Records from a data source:

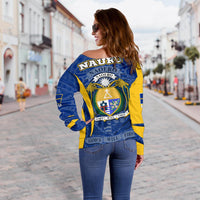 Nauru Polynesian Off Shoulder Sweater (Women) - Nauru Spirit (Blue) - Polynesian Pride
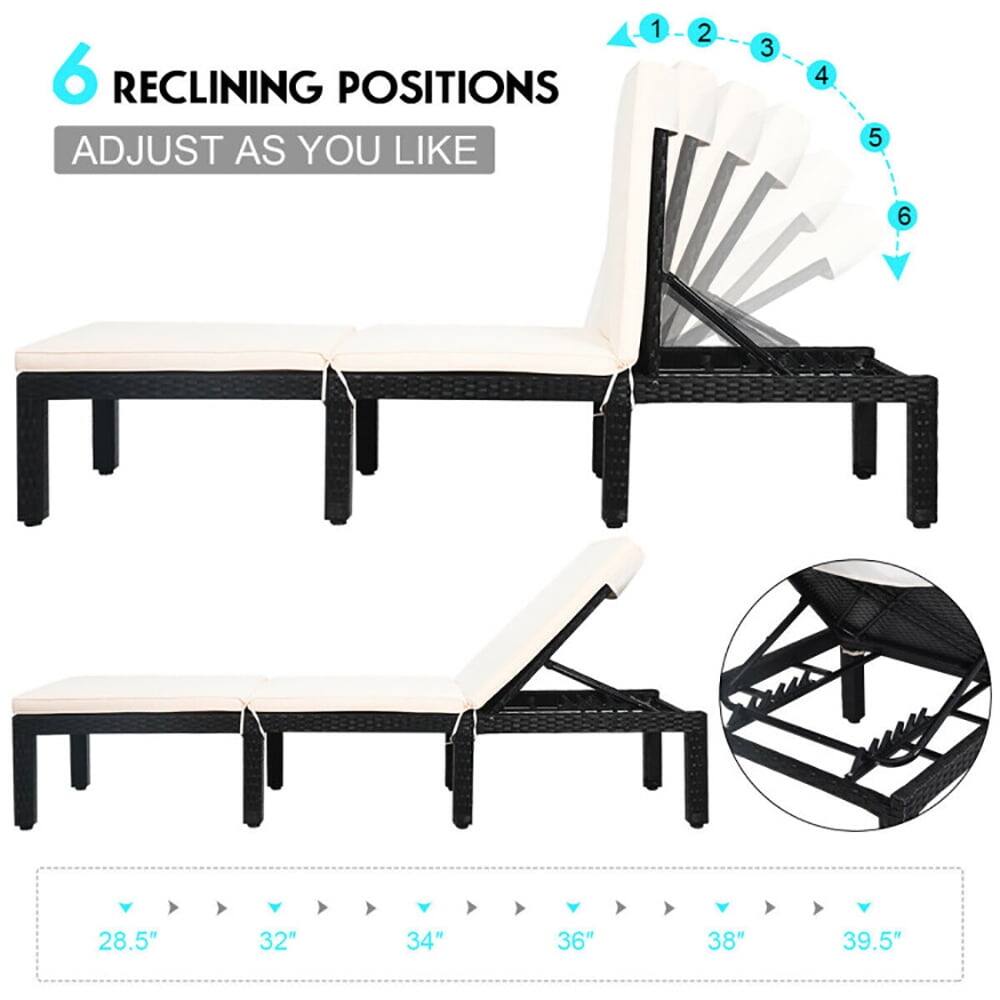 6 RECLINING POSITIONS  
ADJUST AS YOU LIKE  

1 - 2 - 3 - 4 - 5 - 6  

28.5" 32" 34" 36" 38" 39.5"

- [EXERCISE GOAL]: Copy each entry above exactly; drop the pictures.

- [COMPLETED TASK]:
 Nauru Polynesian Off Shoulder Sweater (Women) - Nauru Spirit (Blue) - Polynesian Pride
 6 RECLINING POSITIONS  
ADJUST AS YOU LIKE  

1 - 2 - 3 - 4 - 5 - 6  

28.5" 32" 34" 36" 38" 39.5"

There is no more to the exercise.